France is making an effort to have its companies employ older workers. Here's why. The employment rate in France for people aged 55 to 64 years was only 38.9 percent in 2009; the European Union's target for this age group is 50 percent by the end of 2010. The employment rate for this age group in Sweden and Norway, meanwhile, is 70 percent.
Against a backdrop of an aging workforce and the fact that France has the highest life expectancy in Europe, France came up with the Decree of 20 May 2009. The legislation requires all companies employing more than 50 people to be covered by an industry-wide agreement promoting the employment of older workers. In the absence of an agreement, they must conclude their own collective agreement or, failing that, develop an action plan in favor of the employment of workers older than 50. The Decree also requires all companies with 300 or more employees to be covered by a collective agreement or, if such an agreement could not be reached, by an action plan presented by the employer.
Companies that don't comply with this regulation were already taxed for a special retirement contribution, amounting to one percent of the total costs of their payroll.
This legislation has had some positive effects.
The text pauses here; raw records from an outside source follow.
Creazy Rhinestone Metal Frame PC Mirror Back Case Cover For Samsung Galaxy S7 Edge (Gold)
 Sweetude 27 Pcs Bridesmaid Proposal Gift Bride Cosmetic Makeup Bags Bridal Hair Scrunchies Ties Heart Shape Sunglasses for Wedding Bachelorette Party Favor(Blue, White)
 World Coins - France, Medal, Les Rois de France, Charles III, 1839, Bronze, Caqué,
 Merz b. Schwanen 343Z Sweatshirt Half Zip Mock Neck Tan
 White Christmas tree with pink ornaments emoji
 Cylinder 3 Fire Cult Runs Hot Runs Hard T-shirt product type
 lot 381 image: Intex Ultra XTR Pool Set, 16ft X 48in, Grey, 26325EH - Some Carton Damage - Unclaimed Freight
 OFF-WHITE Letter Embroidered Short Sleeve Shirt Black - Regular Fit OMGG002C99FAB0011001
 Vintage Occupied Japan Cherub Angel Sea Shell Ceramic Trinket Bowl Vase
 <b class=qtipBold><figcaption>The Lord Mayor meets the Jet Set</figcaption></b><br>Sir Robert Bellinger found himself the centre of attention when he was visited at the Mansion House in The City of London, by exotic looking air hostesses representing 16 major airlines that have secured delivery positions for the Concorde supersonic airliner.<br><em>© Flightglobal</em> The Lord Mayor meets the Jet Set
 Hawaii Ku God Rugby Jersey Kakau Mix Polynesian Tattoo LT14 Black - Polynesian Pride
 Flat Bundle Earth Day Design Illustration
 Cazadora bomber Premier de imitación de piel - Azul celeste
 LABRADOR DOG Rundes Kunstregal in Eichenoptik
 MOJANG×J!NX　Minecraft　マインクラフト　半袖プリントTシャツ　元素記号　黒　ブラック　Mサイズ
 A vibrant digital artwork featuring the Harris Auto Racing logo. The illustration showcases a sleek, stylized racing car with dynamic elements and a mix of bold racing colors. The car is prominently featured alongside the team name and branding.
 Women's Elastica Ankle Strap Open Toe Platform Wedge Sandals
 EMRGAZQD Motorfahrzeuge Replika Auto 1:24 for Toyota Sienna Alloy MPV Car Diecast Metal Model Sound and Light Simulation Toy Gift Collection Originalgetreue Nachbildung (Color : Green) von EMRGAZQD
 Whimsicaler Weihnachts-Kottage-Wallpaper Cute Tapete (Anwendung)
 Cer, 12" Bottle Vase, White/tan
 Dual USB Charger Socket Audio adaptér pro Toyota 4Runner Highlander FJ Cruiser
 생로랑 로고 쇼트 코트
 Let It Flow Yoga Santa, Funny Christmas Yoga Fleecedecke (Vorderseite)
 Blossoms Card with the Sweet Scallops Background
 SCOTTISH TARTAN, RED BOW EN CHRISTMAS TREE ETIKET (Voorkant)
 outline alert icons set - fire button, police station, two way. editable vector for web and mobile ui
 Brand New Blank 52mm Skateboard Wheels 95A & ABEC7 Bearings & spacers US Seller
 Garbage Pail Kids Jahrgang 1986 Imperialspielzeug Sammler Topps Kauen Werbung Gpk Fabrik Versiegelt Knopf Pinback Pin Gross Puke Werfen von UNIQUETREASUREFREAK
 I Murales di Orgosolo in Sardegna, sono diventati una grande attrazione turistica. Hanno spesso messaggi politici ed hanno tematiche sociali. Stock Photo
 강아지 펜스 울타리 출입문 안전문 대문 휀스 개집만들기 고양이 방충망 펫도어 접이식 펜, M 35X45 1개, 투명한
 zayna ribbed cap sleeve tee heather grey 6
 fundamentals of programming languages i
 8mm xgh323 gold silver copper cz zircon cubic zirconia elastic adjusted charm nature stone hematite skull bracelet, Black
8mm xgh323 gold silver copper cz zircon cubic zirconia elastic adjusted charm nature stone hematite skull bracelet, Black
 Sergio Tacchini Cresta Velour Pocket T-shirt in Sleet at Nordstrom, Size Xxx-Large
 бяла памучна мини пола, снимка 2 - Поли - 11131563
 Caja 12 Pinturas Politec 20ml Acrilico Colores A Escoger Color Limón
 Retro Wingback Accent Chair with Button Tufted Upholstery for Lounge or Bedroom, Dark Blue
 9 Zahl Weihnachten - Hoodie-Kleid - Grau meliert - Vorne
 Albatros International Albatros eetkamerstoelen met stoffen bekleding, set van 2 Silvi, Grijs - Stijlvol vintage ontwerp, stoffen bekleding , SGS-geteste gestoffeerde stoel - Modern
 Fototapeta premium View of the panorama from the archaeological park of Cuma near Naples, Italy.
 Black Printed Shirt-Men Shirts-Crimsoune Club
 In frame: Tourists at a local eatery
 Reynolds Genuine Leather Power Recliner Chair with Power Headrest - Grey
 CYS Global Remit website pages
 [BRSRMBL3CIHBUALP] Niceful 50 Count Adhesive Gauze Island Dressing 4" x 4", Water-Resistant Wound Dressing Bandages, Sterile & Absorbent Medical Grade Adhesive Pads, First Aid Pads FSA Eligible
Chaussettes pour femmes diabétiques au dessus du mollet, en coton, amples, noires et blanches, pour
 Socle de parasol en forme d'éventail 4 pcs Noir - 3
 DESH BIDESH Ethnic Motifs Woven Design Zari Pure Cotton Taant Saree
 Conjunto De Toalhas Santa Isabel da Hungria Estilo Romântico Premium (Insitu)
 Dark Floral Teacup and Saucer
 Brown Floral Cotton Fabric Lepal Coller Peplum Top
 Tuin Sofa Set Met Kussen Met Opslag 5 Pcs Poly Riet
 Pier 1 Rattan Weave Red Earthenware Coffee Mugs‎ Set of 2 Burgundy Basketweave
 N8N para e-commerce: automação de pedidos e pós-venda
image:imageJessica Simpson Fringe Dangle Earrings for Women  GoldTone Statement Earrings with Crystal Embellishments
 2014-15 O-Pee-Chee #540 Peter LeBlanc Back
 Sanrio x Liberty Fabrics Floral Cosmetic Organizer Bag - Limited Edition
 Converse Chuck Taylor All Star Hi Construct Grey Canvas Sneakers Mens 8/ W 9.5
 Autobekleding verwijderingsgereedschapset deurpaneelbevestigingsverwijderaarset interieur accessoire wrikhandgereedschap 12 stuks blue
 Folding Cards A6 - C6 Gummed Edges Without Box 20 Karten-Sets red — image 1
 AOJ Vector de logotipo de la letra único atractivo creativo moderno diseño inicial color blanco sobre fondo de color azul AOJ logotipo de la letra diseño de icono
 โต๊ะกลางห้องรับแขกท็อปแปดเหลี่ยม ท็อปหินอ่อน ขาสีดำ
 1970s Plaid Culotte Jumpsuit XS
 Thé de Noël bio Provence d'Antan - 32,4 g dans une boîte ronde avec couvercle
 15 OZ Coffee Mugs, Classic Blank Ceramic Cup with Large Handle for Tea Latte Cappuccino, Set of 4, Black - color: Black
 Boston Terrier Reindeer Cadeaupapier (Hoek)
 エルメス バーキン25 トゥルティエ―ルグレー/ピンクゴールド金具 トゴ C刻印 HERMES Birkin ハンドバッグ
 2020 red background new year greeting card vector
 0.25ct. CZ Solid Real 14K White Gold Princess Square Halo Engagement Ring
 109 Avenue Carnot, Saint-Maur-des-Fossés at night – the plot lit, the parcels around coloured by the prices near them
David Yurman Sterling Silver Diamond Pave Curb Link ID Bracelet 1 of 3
A recent study by the Swedish consulting firm Mercuri Urval, which polled a representative sample of firms, shows that 51 percent of companies have been working their way toward a corporate agreement on the employment of older workers and 42 percent have a definite action plan.
Further, the study's author notes that even if the majority of companies say they have not changed their outlook on employing older workers because of the decree, the legislation has forced many to implement these measures.
Numbers notwithstanding, companies with operations in France, or looking to expand there, should do their research. Having a compliance expert in France will help you deal with any teething issues around this legislation. Your research, combined with an expert's opinions, should help you stay current with any changes in the law.